Well...yeah it doesn't hurt to market stuff that way
But the truth is, that base is just so darn different
I'm sure the extender was to address complaints of the quick drying time
It doesn't need conditioning...just an extended working time
I'm sure it wouldn't work in the other bases anyway...or rather, why would you need it in the other ones

It's sort of like those color foundations for Aura
Sort of like a tinted primer...but not really
There's really no use for them except for Aura

The specific cover is a sticking point with Wooster, who makes all the other Ben Moore branded brushes and rollers
The Aura cover is made by Premier Roller
It's a good marketing and introduction move...seeing as some of your old favorite tools and tricks do not work well with Aura
I'm not convinced that sleeve is the best, but some of my old faves do not work well with Aura
...but that's another thread


----------



## GMack (Jan 18, 2008)

vermontpainter said:


> Slick
> 
> My initial reaction is I wouldnt mess with it since we understand how it works and like it.
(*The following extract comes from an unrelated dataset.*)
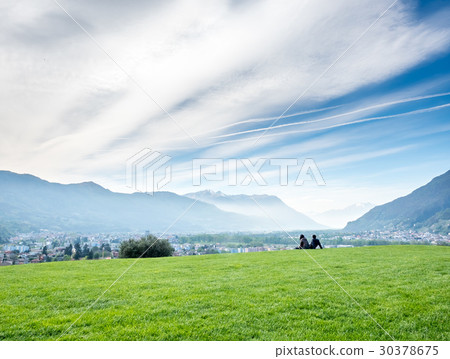 Two people sit on green grass 30378675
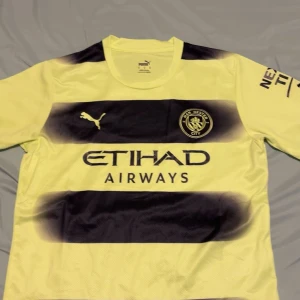 Manchester City gul och svart matchtröja M  - Säljer en Manchester City fotbollströja från Puma i gul och svart med breda horisontella ränder. Tröjan har korta ärmar, rund hals och klubbmärke på bröstet. Materialet är lätt och andas, perfekt för träning eller match. Etihad Airways-logga på framsidan. priset kan diskuteras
However, as you mentioned, it can be a little too quick on larger trim elements. In those situations it could be nice to soap it up a little. We have used fluotrol in it successfully.
> 
> Is the product you are describing something that BM is offering specifically for use in aura?


It didn't sag on you with Floetrol? I've thinned the cut can with a shot of water just to loosen it up a bit and it tends to sag. It's funny that they're coming out with an extender because it specifically says on the back of the cans, do not add anything.
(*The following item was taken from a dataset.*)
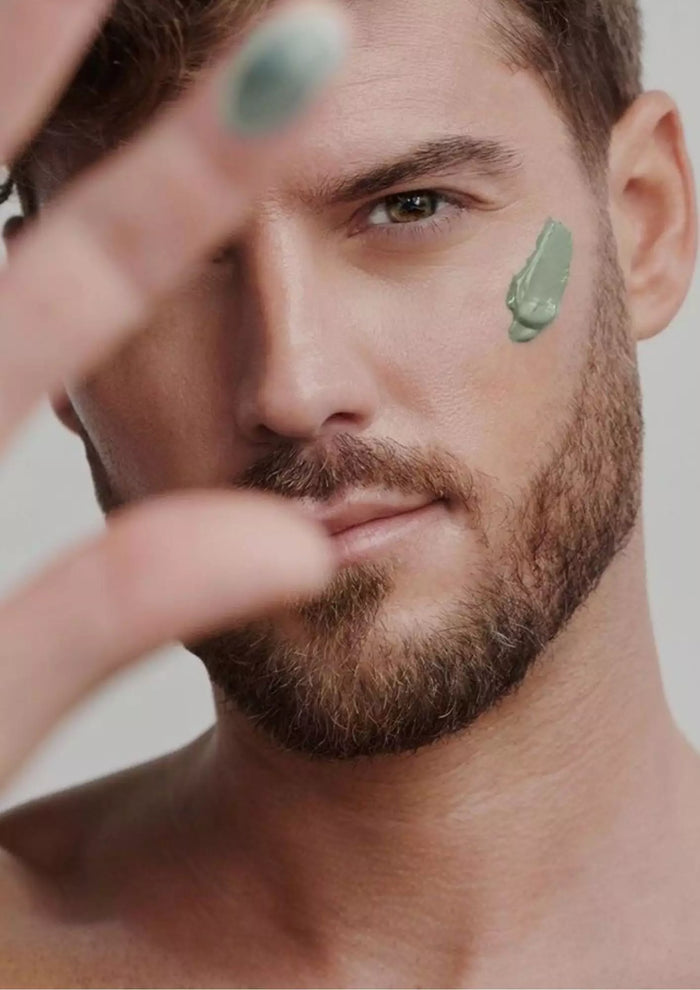 Homme barbu au regard intense appliquant une crème verte sur sa joue, main au premier plan, illustrant une routine de soin minimaliste et moderne pour hommes.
Doesn't it feel like BM should have had their acts together a little better regarding Aura?


----------



## vermontpainter (Dec 24, 2007)

GMack said:


> It didn't sag on you with Floetrol? I've thinned the cut can with a shot of water just to loosen it up a bit and it tends to sag. It's funny that they're coming out with an extender because it specifically says on the back of the cans, do not add anything.
> 
> Doesn't it feel like BM should have had their acts together a little better regarding Aura?


Even without Fluotrol it wants to sag if you go on too heavy. With it, even more so. I guess the key is multiple thin coats, which is what do.


----------



## slickshift (Apr 8, 2007)

You can't load it up on corners (like you can with Regal) while brushing (or spraying) or it'll sag

I wouldn't add water, but I prefer thicker paints

The extender is simply that, it's only to give the product more open time
It is not a conditioner

I suspect they did not expect consumers to NOT want it to dry quickly
Personally, although it's a bit of a learning curve, I prefer it that way

Though there are a few things that aren't working out well
Brushing 6-panel doors...you better be good with your brushwork, it's not for the slow brushers out there
I can see some needing some more open time for that kind of stuff


----------



## slickshift (Apr 8, 2007)

vermontpainter said:


> Is the product you are describing something that BM is offering specifically for use in aura?


It's also a VOC thing
Aura is not considered ultra-low VOC when a solvent, like Floetrol, is added
The Aura Extender will only increase VOCs (aprox) 5 g/l


----------



## GMack (Jan 18, 2008)

slickshift said:


> You can't load it up on corners (like you can with Regal) while brushing (or spraying) or it'll sag
> 
> I wouldn't add water, but I prefer thicker paints
> 
> I prefer paints to apply as fast as water, remain soaking wet while I'm applying them, dry instantly when I'm done, cover in one coat, and level out to a glass-like finish. I really don't think this is too much to ask. :thumbup:


----------



## Bibleman (Feb 6, 2008)

So I pay 50 bucks for a gallon of Aura and now I have to buy and additve as well so I can actually paint doors with it? Oh, add in the time it takes to strain the blobs out of it too. IMHO BM=Overpriced mediocre paint. After twelve years I finally changed brands. Just my two cents.
PS I will admit it does cover very well in deep base colors which is the only time I buy it.


----------



## bikerboy (Sep 16, 2007)

Bibleman said:


> So I pay 50 bucks for a gallon of Aura and now I have to buy and additve as well so I can actually paint doors with it? Oh, add in the time it takes to strain the blobs out of it too. IMHO BM=Overpriced mediocre paint. After twelve years I finally changed brands. Just my two cents.
> PS I will admit it does cover very well in deep base colors which is the only time I buy it.


 
I thought the blobs were just a fluke. The last two times I bought Aura it was filled with trash and I had to strain it.


----------